Material to process:

..........

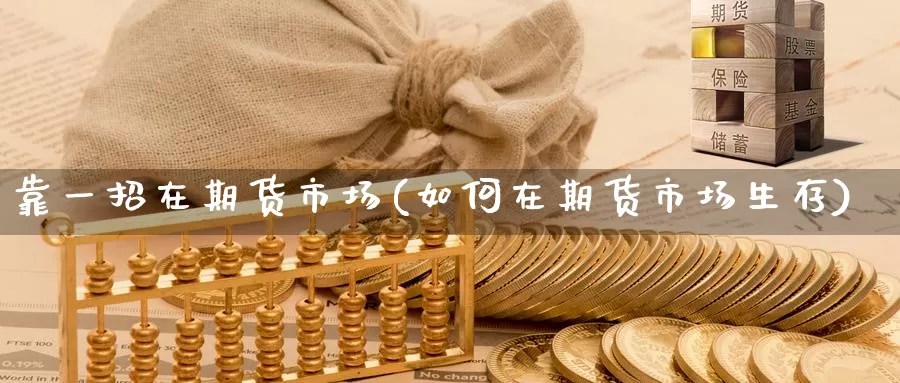 靠一招在期货市场(如何在期货市场生存)_https://www.yuanchenjituan.com_纳指期货_第1张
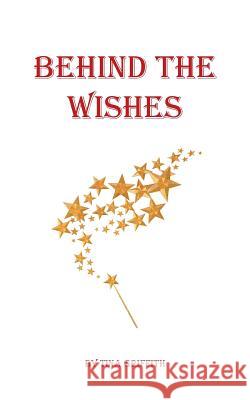 Behind the Wishes Tina Griffith 9781524610845 Authorhouse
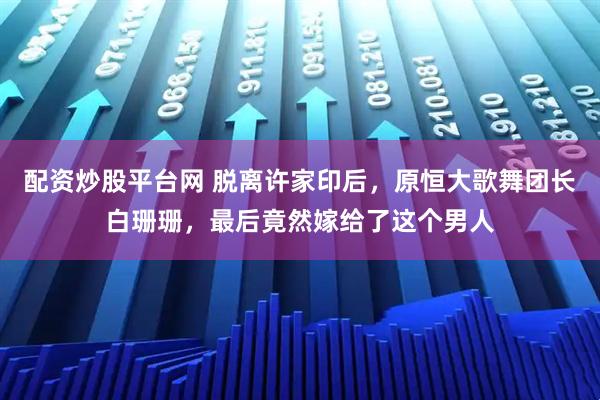 配资炒股平台网 脱离许家印后，原恒大歌舞团长白珊珊，最后竟然嫁给了这个男人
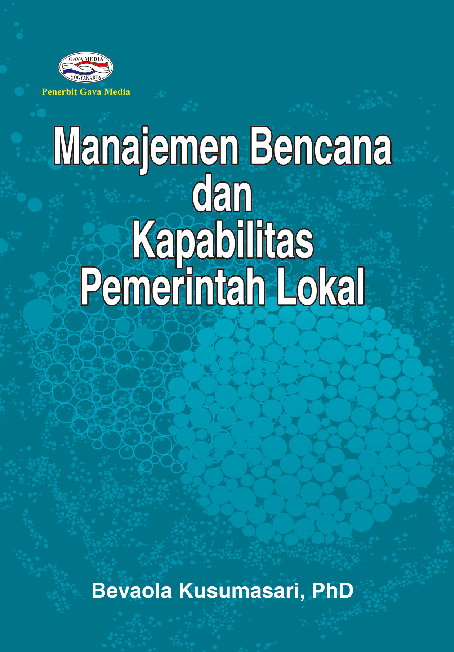 Manajemen Bencana dan Dan Kapabilitas Pemerintah Lokal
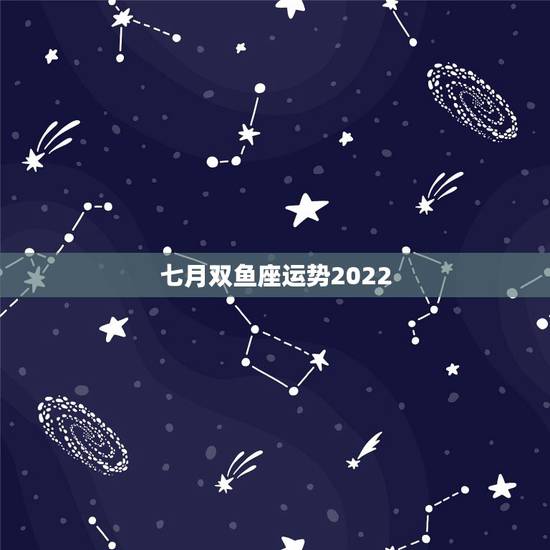 七月双鱼座运势2022,双鱼座七月七号的运势 七月双鱼座运势2022,双鱼座七月七号的运势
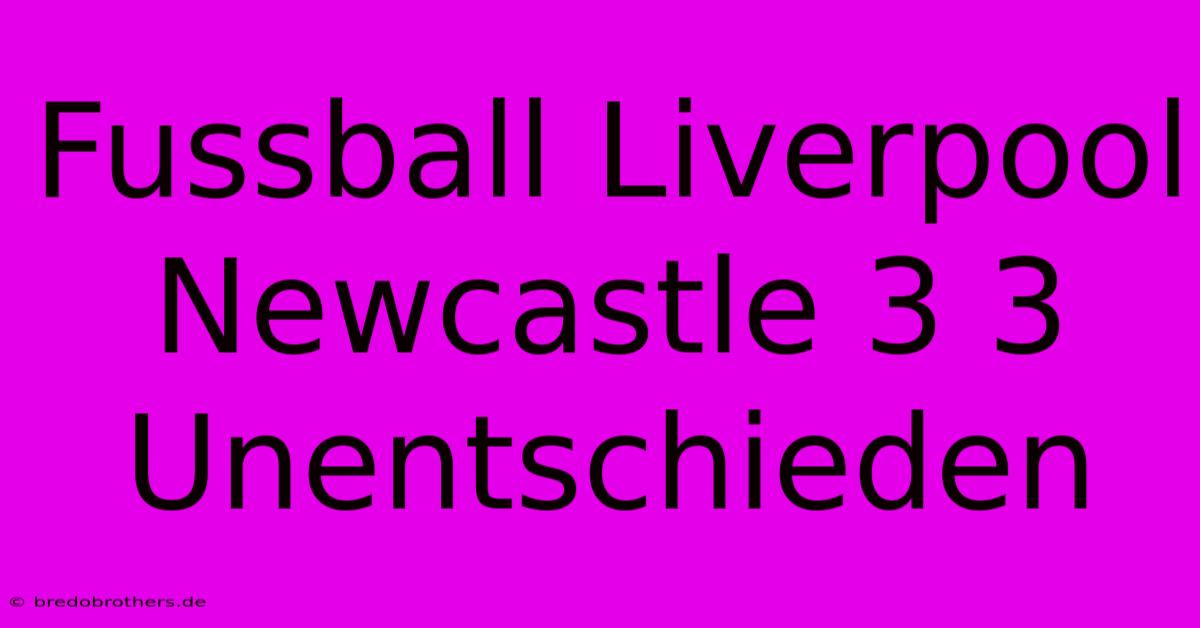 Fussball Liverpool Newcastle 3 3 Unentschieden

..........

Problem statement:
Your output must consist only of the lines from the line with "配资炒股平台网 脱离许家印后，原恒大歌舞团长白珊珊，最后竟然嫁给了这个男人" through the final line of the data, both included, reproduced exactly and free of pictures.

Task output:
 配资炒股平台网 脱离许家印后，原恒大歌舞团长白珊珊，最后竟然嫁给了这个男人
 Manajemen Bencana dan Dan Kapabilitas Pemerintah Lokal
 七月双鱼座运势2022,双鱼座七月七号的运势 七月双鱼座运势2022,双鱼座七月七号的运势
 Fussball Liverpool Newcastle 3 3 Unentschieden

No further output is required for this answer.